From Me To I


One resides within the fracture of two selves: the Me and the I. It is one’s responsibility to eventually choose where one will call home. The choice is inescapable, for even if a choice is not made, that is a choice in itself. Therefore, one would be better off making a proactive choice than passively accepting the conditions inherited by birth.


Me is a construct of the world (the self, the ego) formed through environment, culture, and society through the engagement of comparison, competition, and expectation. It inhabits the shallowest layer of one’s being (Me), where others’ judgment and opinions govern self-perception birthing internal friction. Therefore, inner friction is not by happenstance; it is a consequences of the formation of Me. The Me is necessary but not sufficient.


I, by contrast, resides within the deepest recess of one’s core. It is not a construct of the world, but in direct link to one’s truth. The I is in the world but not of it — flowing from the deepest essence of one’s being onto the world. It is the inner source upon which Me is built, the part that remains constant and true even as the identities of Me go through countless phases.

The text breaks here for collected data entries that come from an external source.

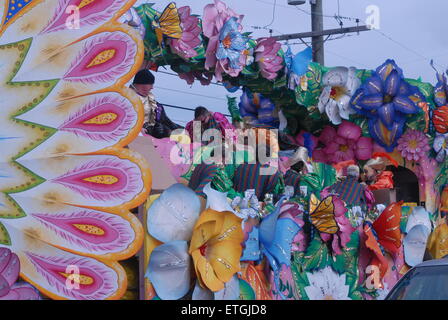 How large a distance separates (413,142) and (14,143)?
630 centimetres

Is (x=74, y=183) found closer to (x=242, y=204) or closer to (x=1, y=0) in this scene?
(x=1, y=0)

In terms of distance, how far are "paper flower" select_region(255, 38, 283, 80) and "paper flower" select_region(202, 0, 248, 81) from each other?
2.32ft

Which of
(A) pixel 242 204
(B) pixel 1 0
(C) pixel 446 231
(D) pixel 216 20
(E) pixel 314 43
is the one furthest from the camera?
(E) pixel 314 43

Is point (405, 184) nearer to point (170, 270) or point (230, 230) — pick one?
point (230, 230)

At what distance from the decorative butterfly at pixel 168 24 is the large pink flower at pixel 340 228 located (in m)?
2.36

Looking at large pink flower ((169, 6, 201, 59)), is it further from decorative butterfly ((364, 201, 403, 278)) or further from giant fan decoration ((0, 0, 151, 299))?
decorative butterfly ((364, 201, 403, 278))

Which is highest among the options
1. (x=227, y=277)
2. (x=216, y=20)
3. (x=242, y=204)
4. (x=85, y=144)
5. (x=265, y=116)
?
(x=216, y=20)

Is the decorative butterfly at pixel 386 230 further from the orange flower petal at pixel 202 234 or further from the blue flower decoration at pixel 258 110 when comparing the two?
the orange flower petal at pixel 202 234

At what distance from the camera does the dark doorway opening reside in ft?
34.9

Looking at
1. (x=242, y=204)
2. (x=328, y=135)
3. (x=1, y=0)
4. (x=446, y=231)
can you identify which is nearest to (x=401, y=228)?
(x=446, y=231)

From is where the current state of Me is located: it is the starting point of one’s spiritual journey. To is the destination. It is the movement toward the I: a return to what is deeper and innate.
The journey starts outward From the Me, but the sail is set inward To the I.


Dissolution does not imply the destruction of the worldly self, but rather the relinquishing of it. This relinquishment is the liberation of one’s soul from the confines of the worldly self, and the restoration of one’s true-self.
This movement requires choice and effort: choices that we are often unaware we can make, and efforts we are unwilling to undertake in order to reach the truth: the “I” within.